## Assignment
Repeat the lines of the data exactly and exclude any picture among them.

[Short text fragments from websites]
* * *

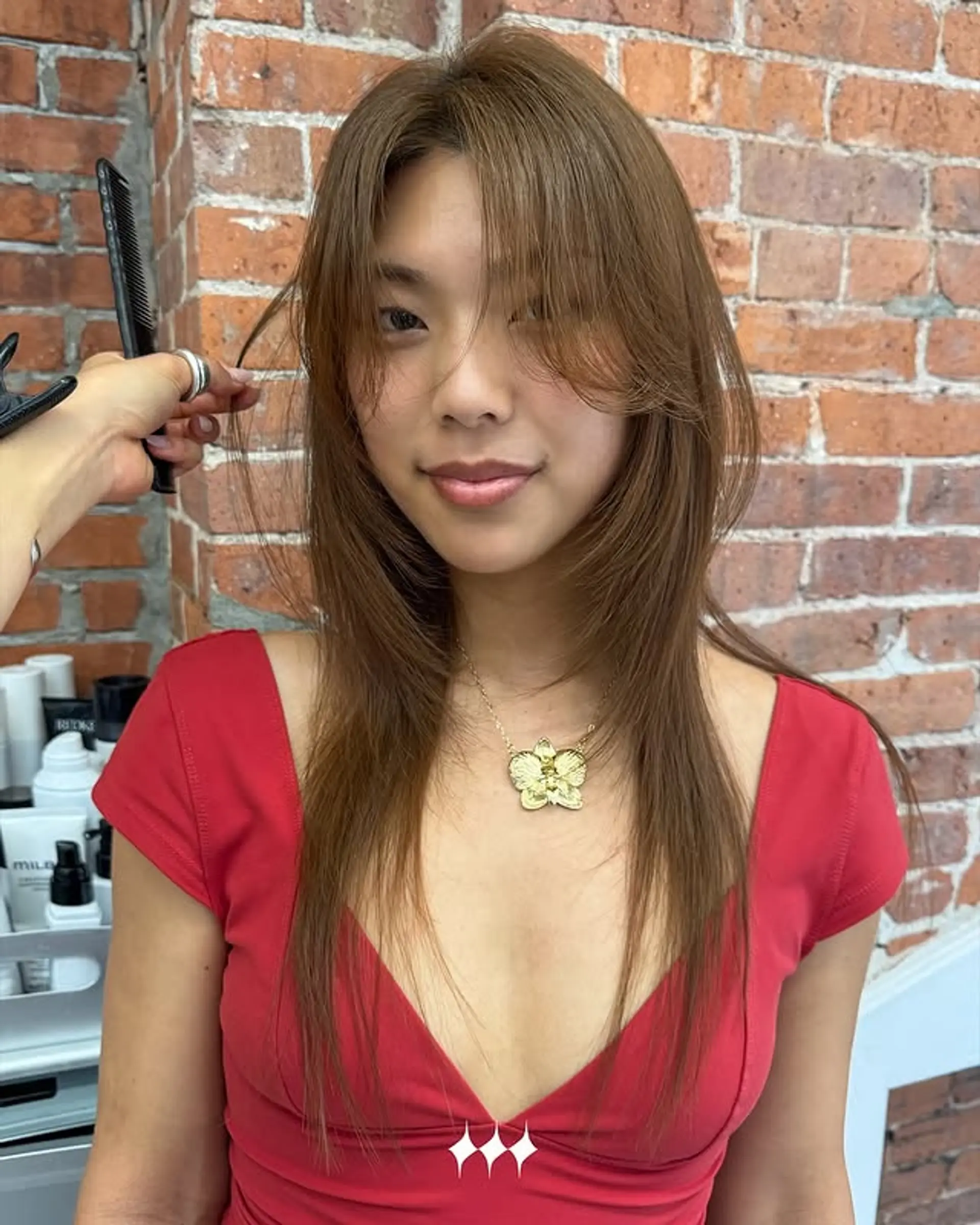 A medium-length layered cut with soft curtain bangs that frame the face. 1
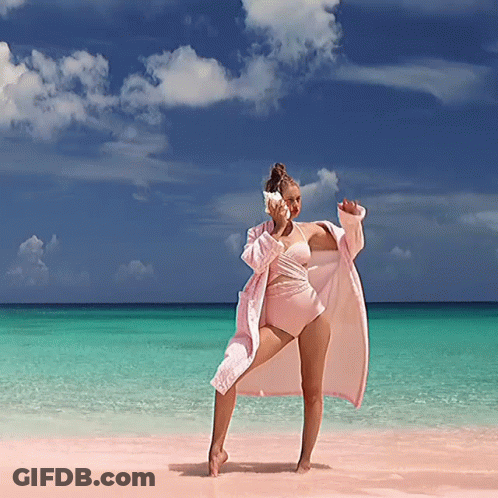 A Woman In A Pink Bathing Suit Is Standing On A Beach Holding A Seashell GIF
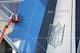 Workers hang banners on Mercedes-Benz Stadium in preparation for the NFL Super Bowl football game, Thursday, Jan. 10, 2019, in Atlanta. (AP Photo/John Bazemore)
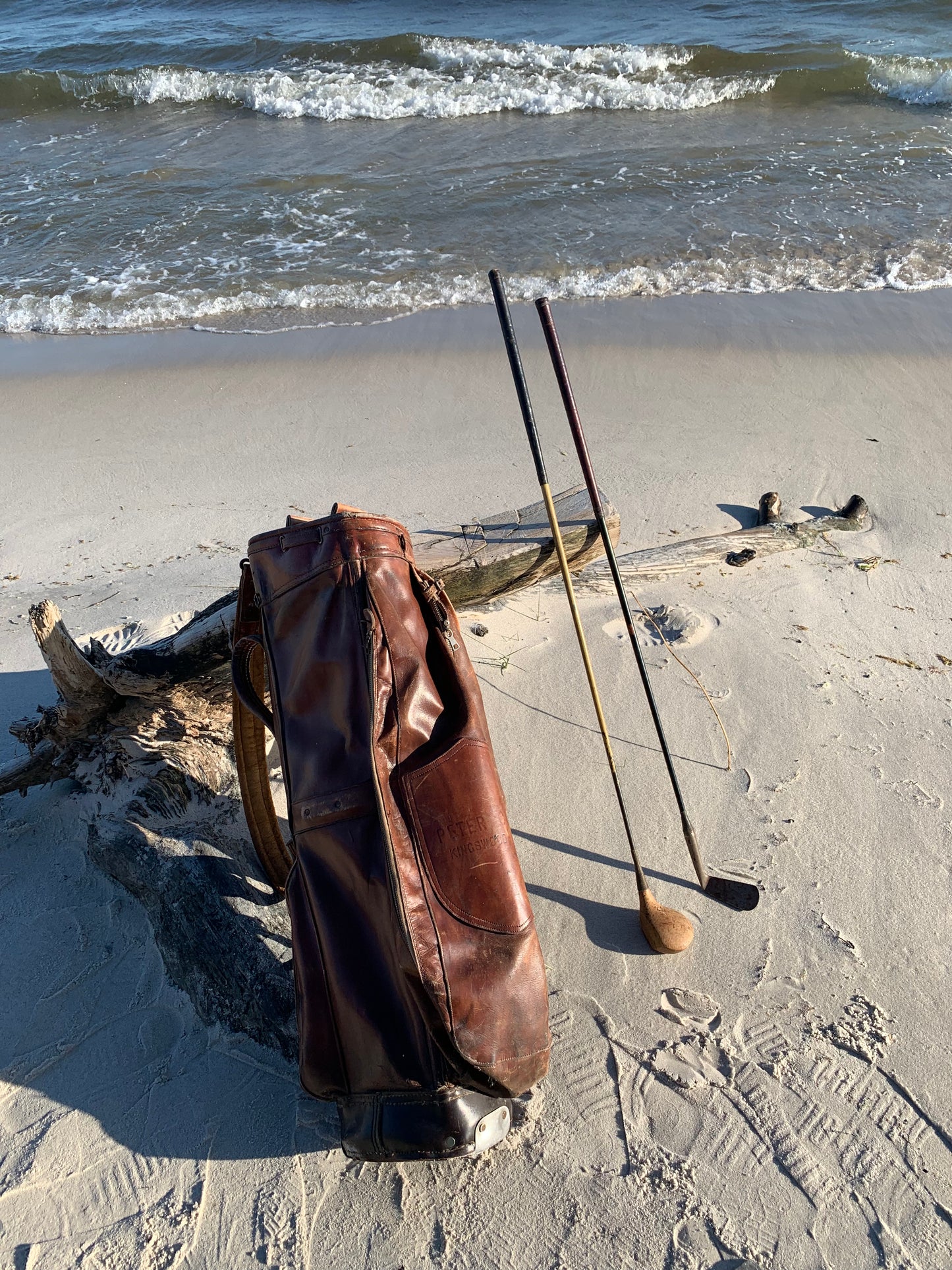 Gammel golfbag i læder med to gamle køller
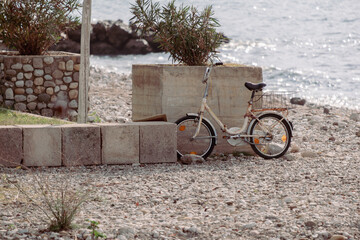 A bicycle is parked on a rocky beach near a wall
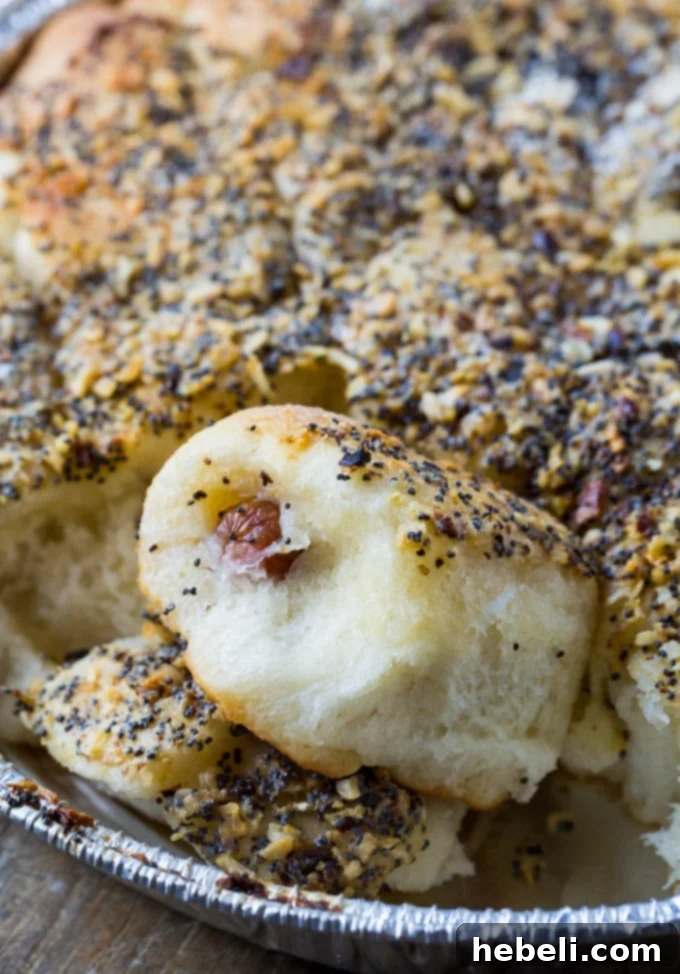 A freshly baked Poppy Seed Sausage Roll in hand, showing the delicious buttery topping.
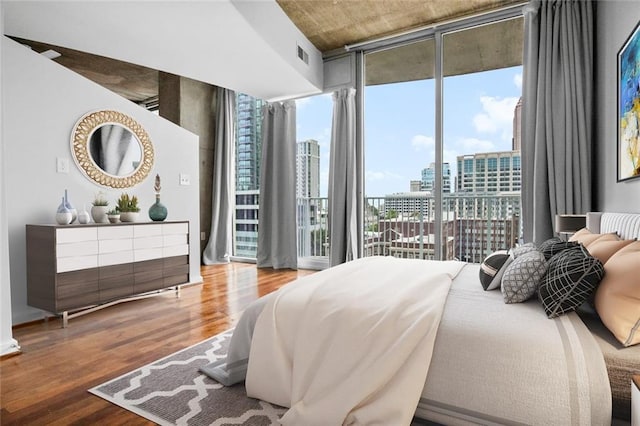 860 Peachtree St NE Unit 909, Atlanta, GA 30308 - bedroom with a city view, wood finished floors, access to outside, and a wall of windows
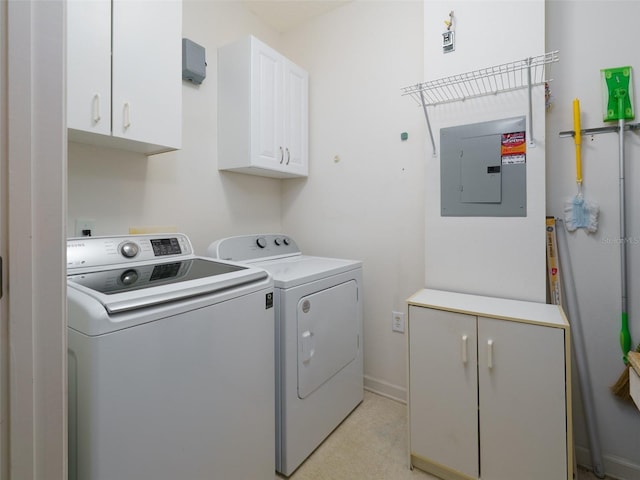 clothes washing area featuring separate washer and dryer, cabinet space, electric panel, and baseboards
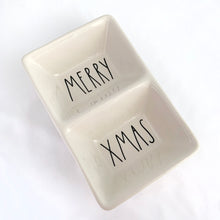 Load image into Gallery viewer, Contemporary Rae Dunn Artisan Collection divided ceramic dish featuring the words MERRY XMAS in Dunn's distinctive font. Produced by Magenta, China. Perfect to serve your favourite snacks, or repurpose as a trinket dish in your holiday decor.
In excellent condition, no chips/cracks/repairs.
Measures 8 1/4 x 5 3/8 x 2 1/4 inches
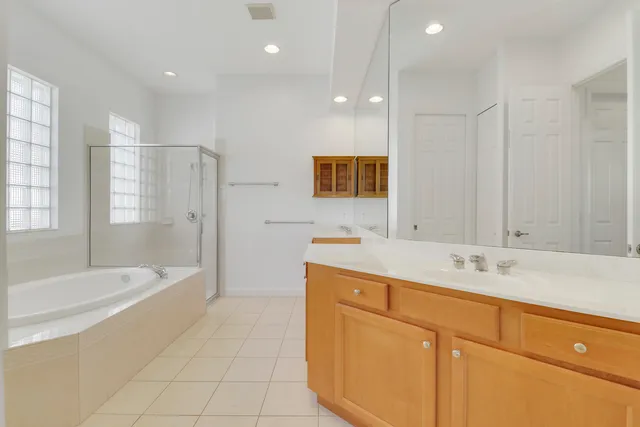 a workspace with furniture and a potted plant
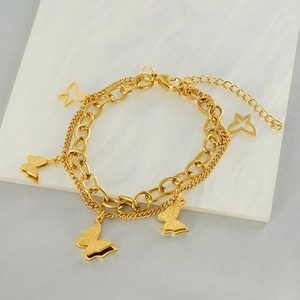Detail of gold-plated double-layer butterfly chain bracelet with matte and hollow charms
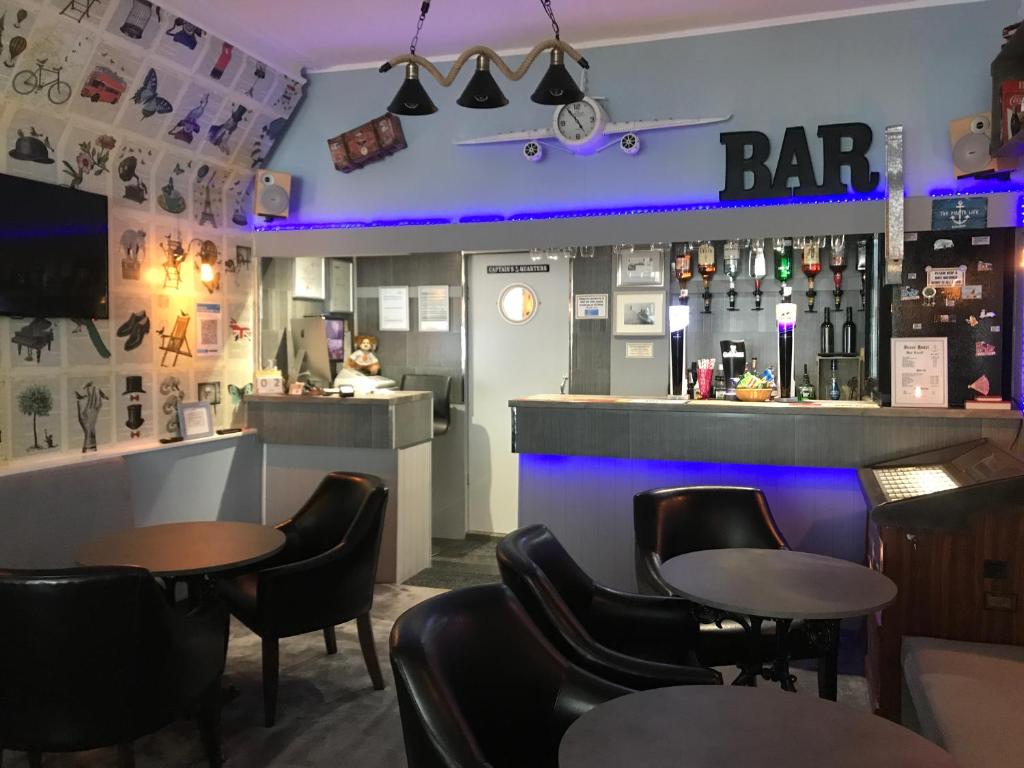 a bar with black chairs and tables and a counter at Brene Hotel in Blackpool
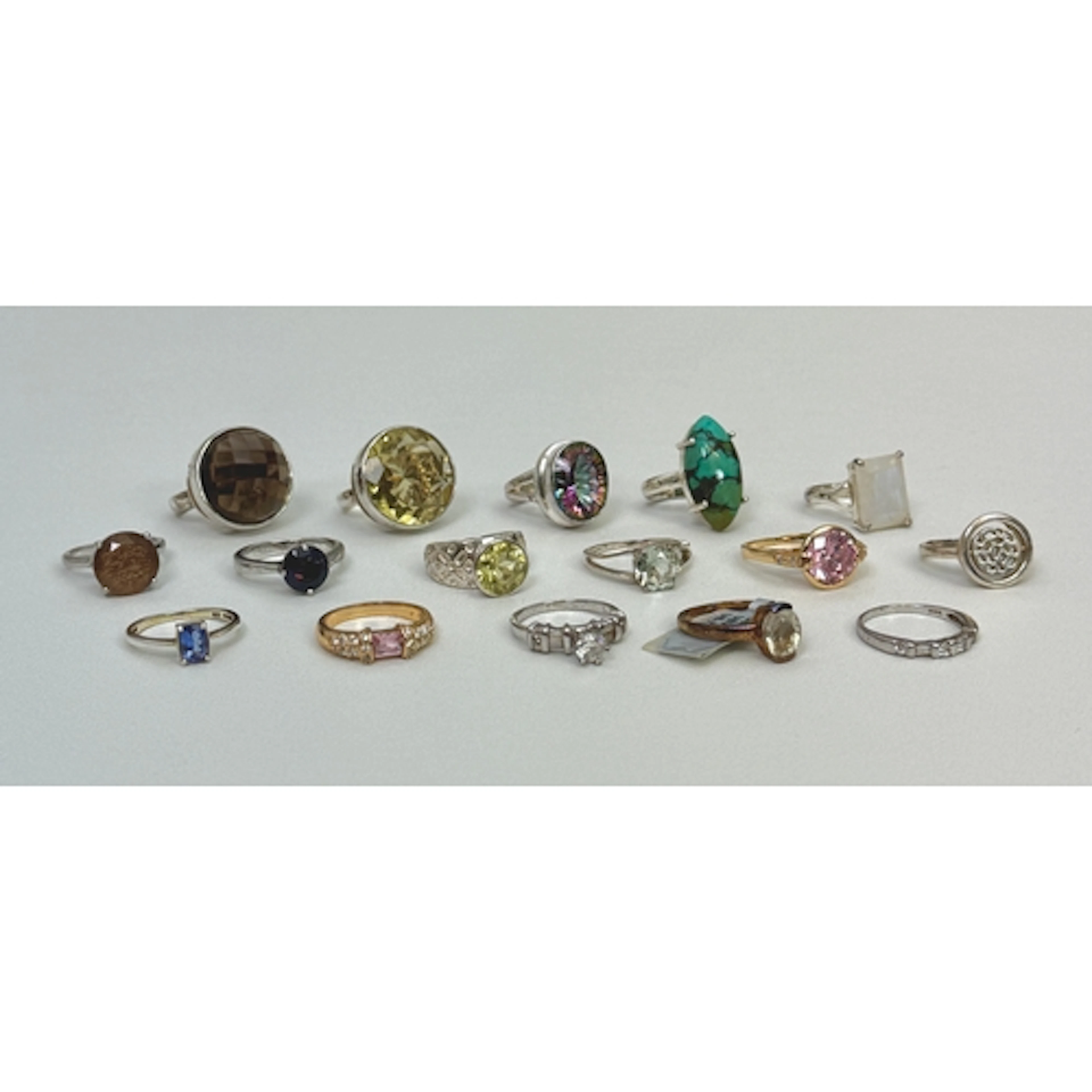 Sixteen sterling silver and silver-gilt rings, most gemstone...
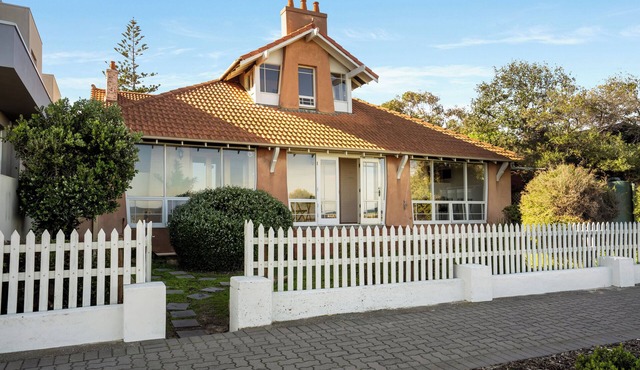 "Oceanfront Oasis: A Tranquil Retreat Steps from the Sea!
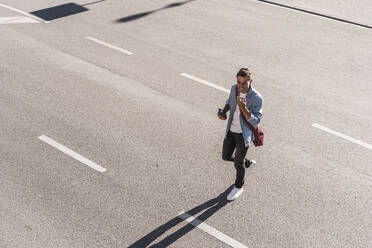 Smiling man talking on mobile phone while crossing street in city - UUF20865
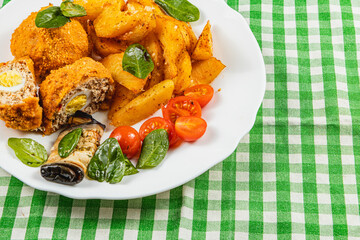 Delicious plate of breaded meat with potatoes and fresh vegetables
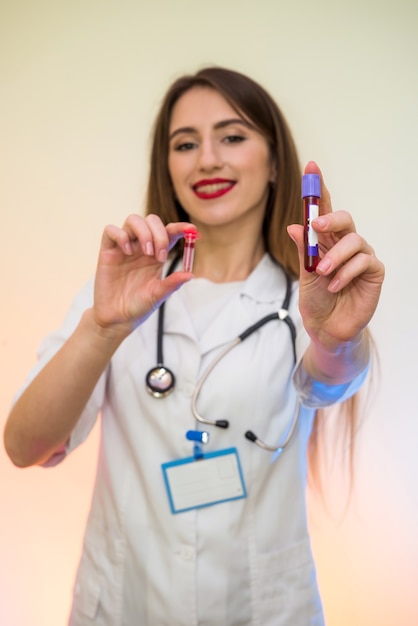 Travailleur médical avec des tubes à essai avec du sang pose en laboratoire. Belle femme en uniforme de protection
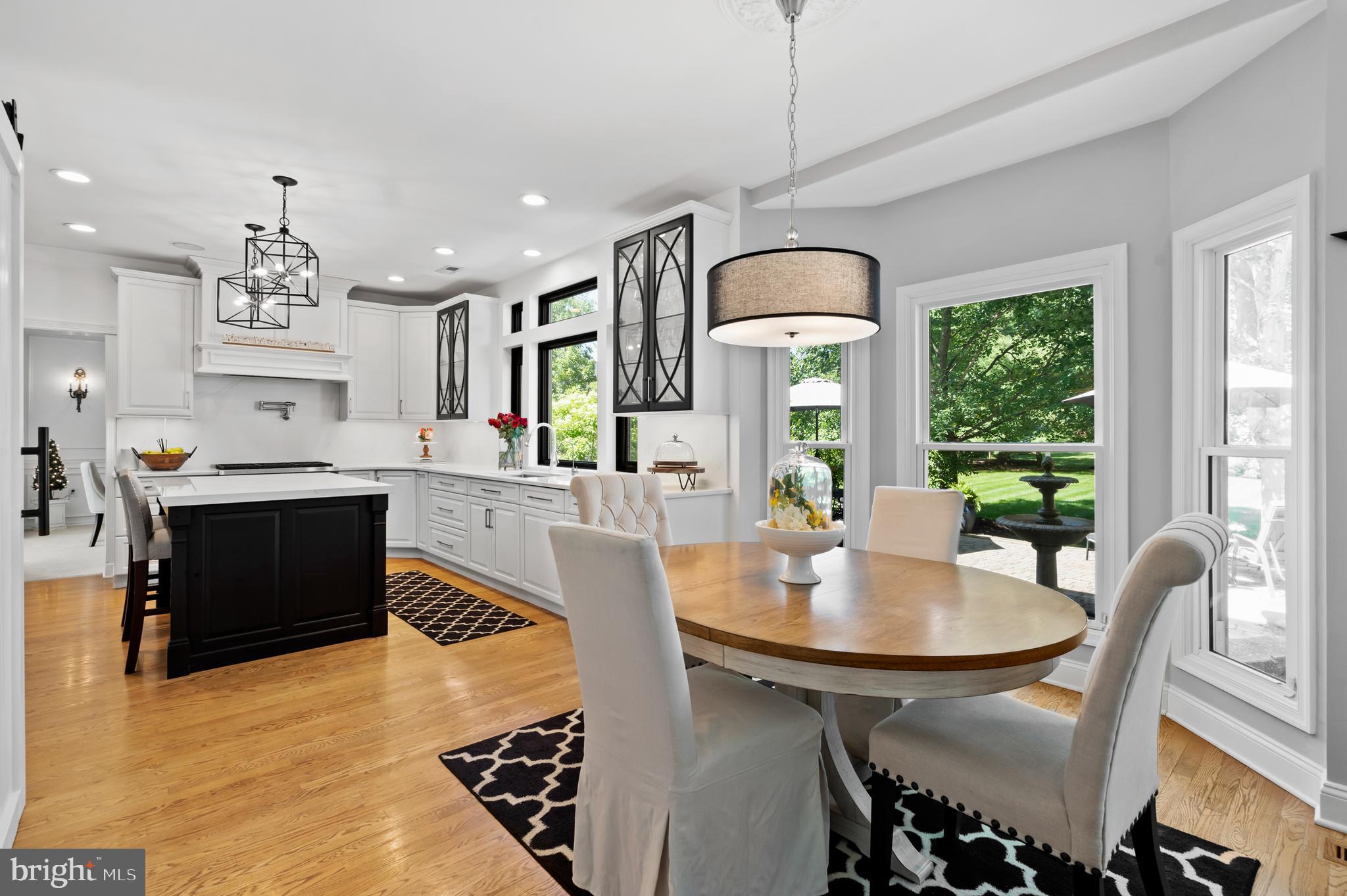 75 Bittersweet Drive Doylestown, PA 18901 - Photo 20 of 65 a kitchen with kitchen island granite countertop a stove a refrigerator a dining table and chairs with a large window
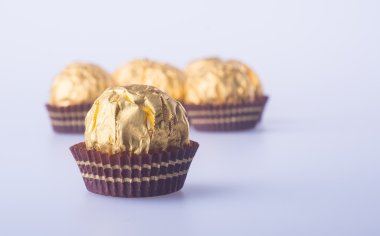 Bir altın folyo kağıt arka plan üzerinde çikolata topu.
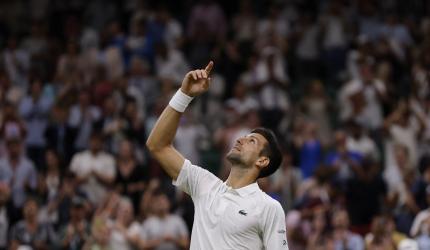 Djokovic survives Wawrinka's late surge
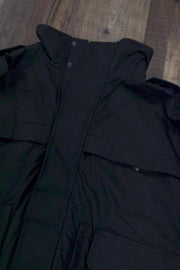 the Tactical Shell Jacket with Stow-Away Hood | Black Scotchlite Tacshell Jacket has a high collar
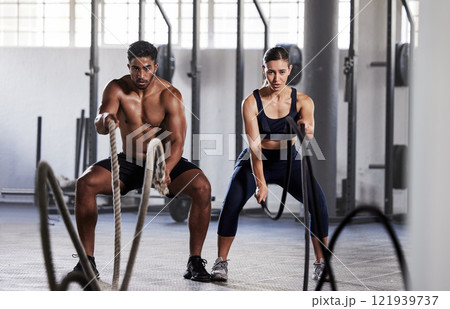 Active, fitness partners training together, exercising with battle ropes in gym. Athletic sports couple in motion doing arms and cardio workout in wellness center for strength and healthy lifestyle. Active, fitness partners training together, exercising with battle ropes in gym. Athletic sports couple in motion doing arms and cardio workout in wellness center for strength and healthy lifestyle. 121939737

* * *

## Exercise answer
 A medium-length layered cut with soft curtain bangs that frame the face. 1
 A Woman In A Pink Bathing Suit Is Standing On A Beach Holding A Seashell GIF
 Workers hang banners on Mercedes-Benz Stadium in preparation for the NFL Super Bowl football game, Thursday, Jan. 10, 2019, in Atlanta. (AP Photo/John Bazemore)
 Gammel golfbag i læder med to gamle køller
 A bicycle is parked on a rocky beach near a wall
 A freshly baked Poppy Seed Sausage Roll in hand, showing the delicious buttery topping.
 860 Peachtree St NE Unit 909, Atlanta, GA 30308 - bedroom with a city view, wood finished floors, access to outside, and a wall of windows
 clothes washing area featuring separate washer and dryer, cabinet space, electric panel, and baseboards
 Load image into Gallery viewer, Contemporary Rae Dunn Artisan Collection divided ceramic dish featuring the words MERRY XMAS in Dunn's distinctive font. Produced by Magenta, China. Perfect to serve your favourite snacks, or repurpose as a trinket dish in your holiday decor.
In excellent condition, no chips/cracks/repairs.
Measures 8 1/4 x 5 3/8 x 2 1/4 inches
 a workspace with furniture and a potted plant
Detail of gold-plated double-layer butterfly chain bracelet with matte and hollow charms
 a bar with black chairs and tables and a counter at Brene Hotel in Blackpool
 Sixteen sterling silver and silver-gilt rings, most gemstone...
 "Oceanfront Oasis: A Tranquil Retreat Steps from the Sea!
 Smiling man talking on mobile phone while crossing street in city - UUF20865
 Delicious plate of breaded meat with potatoes and fresh vegetables
 Travailleur médical avec des tubes à essai avec du sang pose en laboratoire. Belle femme en uniforme de protection
 75 Bittersweet Drive Doylestown, PA 18901 - Photo 20 of 65 a kitchen with kitchen island granite countertop a stove a refrigerator a dining table and chairs with a large window
 Bir altın folyo kağıt arka plan üzerinde çikolata topu.
 Djokovic survives Wawrinka's late surge
 the Tactical Shell Jacket with Stow-Away Hood | Black Scotchlite Tacshell Jacket has a high collar
 Active, fitness partners training together, exercising with battle ropes in gym. Athletic sports couple in motion doing arms and cardio workout in wellness center for strength and healthy lifestyle. Active, fitness partners training together, exercising with battle ropes in gym. Athletic sports couple in motion doing arms and cardio workout in wellness center for strength and healthy lifestyle. 121939737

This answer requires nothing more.